This month, we focus on the open source data center. From innovation at every physical layer of the data center coming out of Facebook's Open Compute Project to the revolution in the way developers treat IT infrastructure that's being driven by application containers, open source is changing the data center throughout the entire stack. This March, we'll zero in on some of those changes to get a better understanding of the pervasive open source data center.
Running a successful internet business without using the data you accumulate to your advantage is clearly impossible in this day and age. Until about one year ago, Baidu, the web company behind the largest Chinese-language search engine and the country’s answer to Google, had a major technology problem on its hands.
The queries Baidu product managers ran against its databases took hours to complete because of the huge amount of data stored in the company’s data centers. Baidu needed a solution, and its engineers were given the goal of creating an ad-hoc query engine that would manage petabytes of data and finish queries in 30 seconds or less.
The first step was to get rid of MapReduce, the open source distributed computing framework that’s part of Apache Hadoop and that has for years been the most popular framework for batch analytics.
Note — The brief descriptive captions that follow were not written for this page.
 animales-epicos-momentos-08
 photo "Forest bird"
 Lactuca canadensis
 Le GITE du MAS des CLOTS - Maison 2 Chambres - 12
Google, the creator of MapReduce, stopped using it years ago because it couldn’t handle the amount of data it needed it to handle, replacing it with a new proprietary framework called Cloud Dataflow.
Baidu switched to Spark SQL, a query engine that enables you to run SQL queries against Apache Spark, the open source Big Data processing engine that replaces the batch analytics approach of MapReduce and Hadoop with real-time, or stream analytics. It helped, but not to the extent they had hoped.
Spark SQL queries were about four times faster, but each query still look about 10 minutes to complete. Upon closer inspection, the team found that it wasn’t the way the CPUs behaved that slowed the process down. The problem was the network, and, more specifically, the way the query engine used the network to access stored data. Baidu’s data lives in multiple data centers, and to run a query, the system would have to transfer data between sites, stressing the networks and causing big delays.
In-Memory Performance With any Storage
To solve this problem, they turned to a relatively young open source project born at the University of California, Berkeley. At the time, the project was called Tachyon. The software turns a set of disparate storage systems into a single virtual storage pool accessed via a single API, but, more importantly for Baidu, it makes that single virtual storage system behave the same way an in-memory system does, where data that’s being processed sits in memory of the clustered servers that are processing it, making the process exponentially faster.
The project was recently renamed as Alluxio, which is also the name of a venture capital-backed startup founded by one of its original creators. The company’s founder and CEO, Haoyuan Li, was one of the founding contributors for Spark, which also came out of the AMPLab at UC Berkeley, where he was a PhD candidate at the time.
AMPLab is a Berkeley research hub that focuses on computing challenges presented by modern-day Big Data analytics and distributed hyperscale systems. Ion Stoica, AMPLab’s co-director and co-creator of Spark, was one of Li’s PhD advisors.
Last year, Alluxio received $7.5 million in funding from Andreessen Horowitz, one of Silicon Valley’s most prominent venture capital firms. Since then, the startup has attracted distributed computing experts from Google, VMware, Palantir, and Carnegie Mellon University, as well as other AMPLab participants.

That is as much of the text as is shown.